Dot files are the files that start with a period in your home dir. They're pretty much the config files that make your system yours. While they historically they've just been files in the root of your home they're slowly moving to your things like .config

The Basic Dotfiles

Almost every *nix system uses /etc/skel to store it's default bland dot files for a system. This is also the directory you put anything you need a new account to have in. So in that dir you'll find things like .bashrc, .zshrc, etc. These are you basic dot files.

Most people should be aware of ~/.bashrc it's the file that gets parsed whenever you open up a new bash prompt. Other files that you should be aware of are:

  • .bashrc
  • .bash_history
  • .vimrc
  • .viminfo
  • .screenrc
  • .tmuxrc
  • .netrc

… and the list goes on. These are the basics though so let's break them down into what they do and why (or why not) to keep them around

Pretty much anything with the suffix rc is going to be a config that gets run when something is opened.

Starting with the *shrc files. These belong to whatever shell you're using. So bashrc for bash, zshrc for zsh, tcshrc for tcsh, etc. These files are important because they store things that you use on a regular basis. So if you like to alias ll to ls -l you wold add that into your shrc file. If you're going to backup and store these on somewhere like github make sure you do not put anything sensitive in there eg setting an environmental to a password or leaving an API key in there. You shouldn't be doing that anyway, but if you're gonna do it might as well practice harm reduction and store in another file that you source from your shrc file.

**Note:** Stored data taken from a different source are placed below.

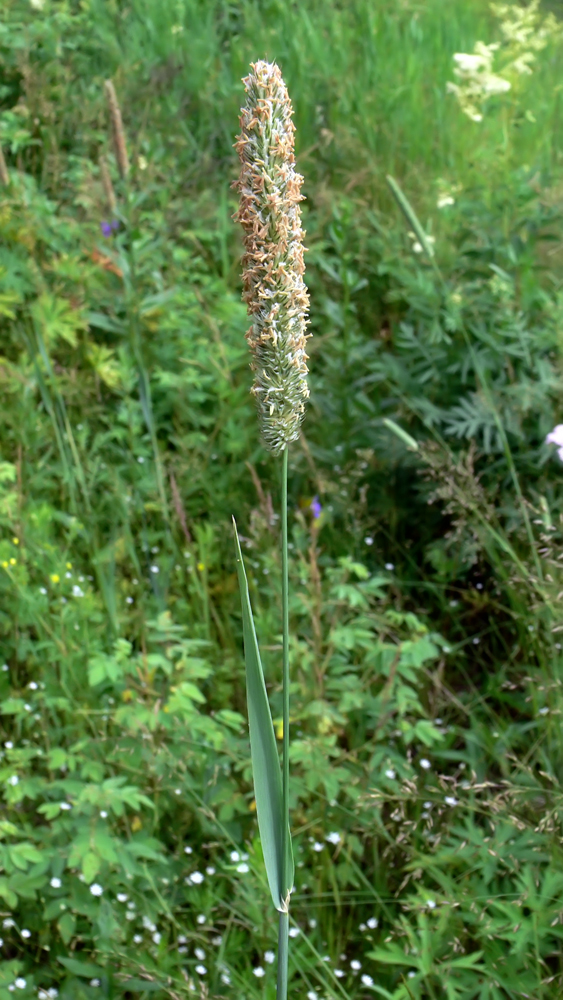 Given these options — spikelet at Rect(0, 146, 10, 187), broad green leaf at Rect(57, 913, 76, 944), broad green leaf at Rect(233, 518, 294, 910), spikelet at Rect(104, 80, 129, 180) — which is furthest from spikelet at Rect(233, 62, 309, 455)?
spikelet at Rect(0, 146, 10, 187)

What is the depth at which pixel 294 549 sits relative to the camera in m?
2.40

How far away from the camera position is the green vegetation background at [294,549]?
1495 mm

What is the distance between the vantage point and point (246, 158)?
82 cm

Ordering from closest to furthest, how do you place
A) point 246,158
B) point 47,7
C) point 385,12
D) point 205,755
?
point 246,158, point 205,755, point 47,7, point 385,12

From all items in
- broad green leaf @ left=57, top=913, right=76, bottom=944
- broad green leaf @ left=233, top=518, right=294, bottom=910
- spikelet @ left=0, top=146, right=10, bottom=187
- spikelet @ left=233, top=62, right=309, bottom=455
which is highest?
spikelet @ left=233, top=62, right=309, bottom=455

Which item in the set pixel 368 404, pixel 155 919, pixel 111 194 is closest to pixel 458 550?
pixel 368 404

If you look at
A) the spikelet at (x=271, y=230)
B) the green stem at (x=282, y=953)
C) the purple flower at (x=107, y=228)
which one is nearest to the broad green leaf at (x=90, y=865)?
the green stem at (x=282, y=953)

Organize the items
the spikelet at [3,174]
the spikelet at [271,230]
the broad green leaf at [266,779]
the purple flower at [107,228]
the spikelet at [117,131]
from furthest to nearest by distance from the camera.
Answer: the purple flower at [107,228] → the spikelet at [3,174] → the spikelet at [117,131] → the broad green leaf at [266,779] → the spikelet at [271,230]

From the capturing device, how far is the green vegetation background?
58.9 inches

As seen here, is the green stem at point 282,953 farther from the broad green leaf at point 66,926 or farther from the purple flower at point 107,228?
the purple flower at point 107,228

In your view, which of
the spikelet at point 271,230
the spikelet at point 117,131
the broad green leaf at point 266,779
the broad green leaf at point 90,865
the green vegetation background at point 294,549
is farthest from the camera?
the spikelet at point 117,131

Next up is your .tmux & .screenrc files. These files contain your settings for screen & tmux. If you seldom use these apps you'll want to make sure that anything you do for their configs are backed up otherwise the next time you need them they might do what you expect them to do.

Your .vimrc, .nanorc, etc. are you text editor rc files. If you have any custom settings configure these are going to super important to keep around. Nothing is worse than trying to edit a file and not having your keybinds, plugins, etc not there. It makes things very annoying.

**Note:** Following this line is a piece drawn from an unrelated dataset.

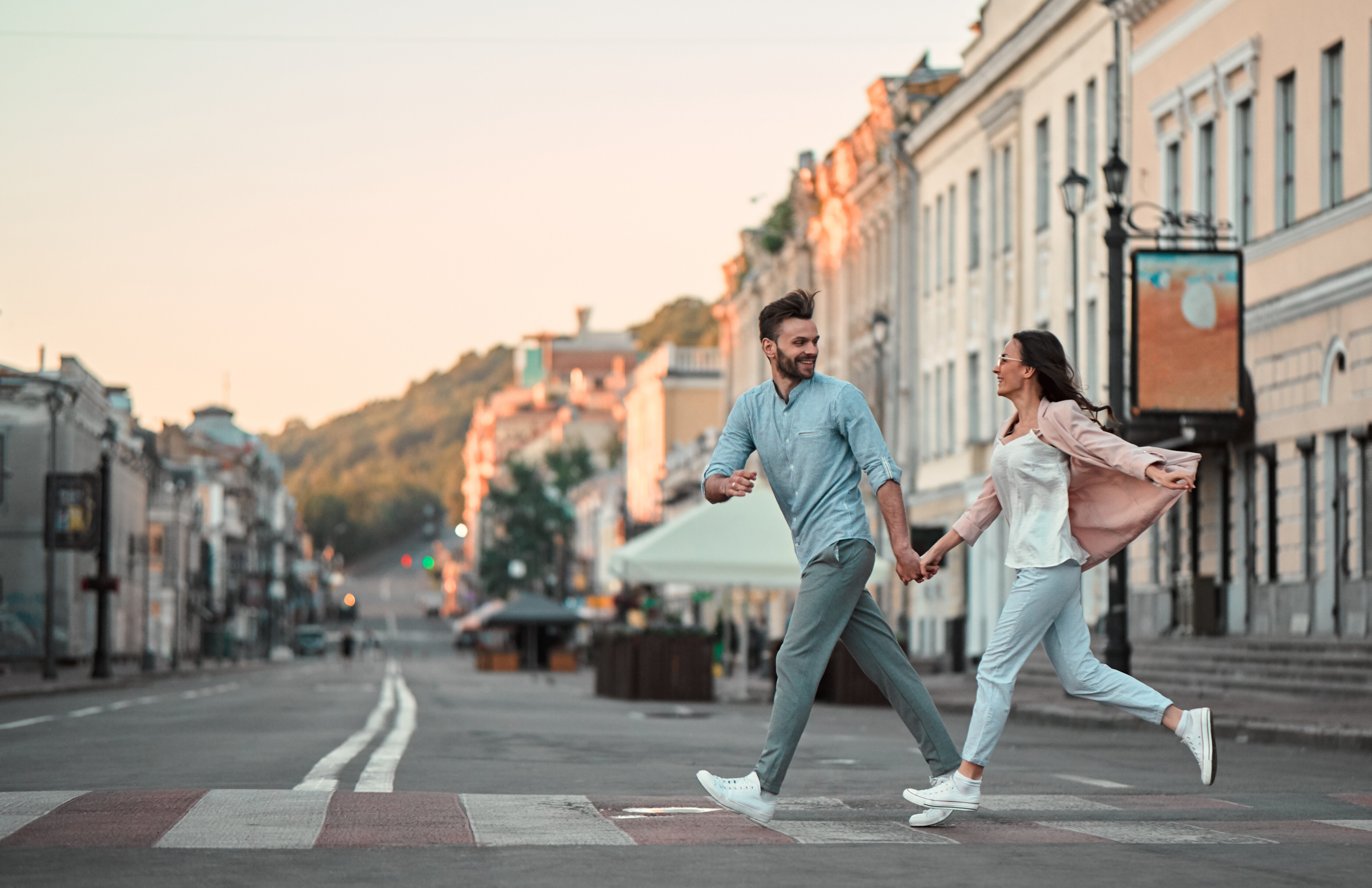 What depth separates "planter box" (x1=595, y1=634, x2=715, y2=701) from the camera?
2858cm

Lastly there's some rc files that you should not be backing up. These are things that you never use or customize. You can port them around if you really want to. The only exception to that is the .netrc file.

DO NOT BACKUP YOUR .netrc FILES ANYWHERE PUBLIC.

Your .netrc file contains user/pass data to login to stuff. You really SHOULD NOT be using it, but there are some reasons to use it for instance curl, wget, youtube-dl, etc. look for this file to login to things. So if you have some edge case for it then that's a good enough reason to keep it around. If you really need it for some one off things maybe symlink it into tmpfs that way it's lost upon reboot?

Next are you info and history files.

Pretty much anything with the suffix info or history is going to be a history file

These files are rarely ever a good idea to port around. At best it's just junk info that doesn't pertain to whatever system you're on. At worse they could contain sensitive information. Generally avoid moving these around.

Keeping Your Dotfiles fresh

One of the more fun/painful things of setting up a new system is getting your dotfiles moved over. There's A LOT of ways to organize them and keep them. I've tried almost everything over the years. The last system I used was yadm and while it worked good enough it just never really did it for me. So I would almost always just move things around and redo configs.

Recently I've come upon fresh and the workflow for that just makes sense to me. So I'm slowly migrating into this.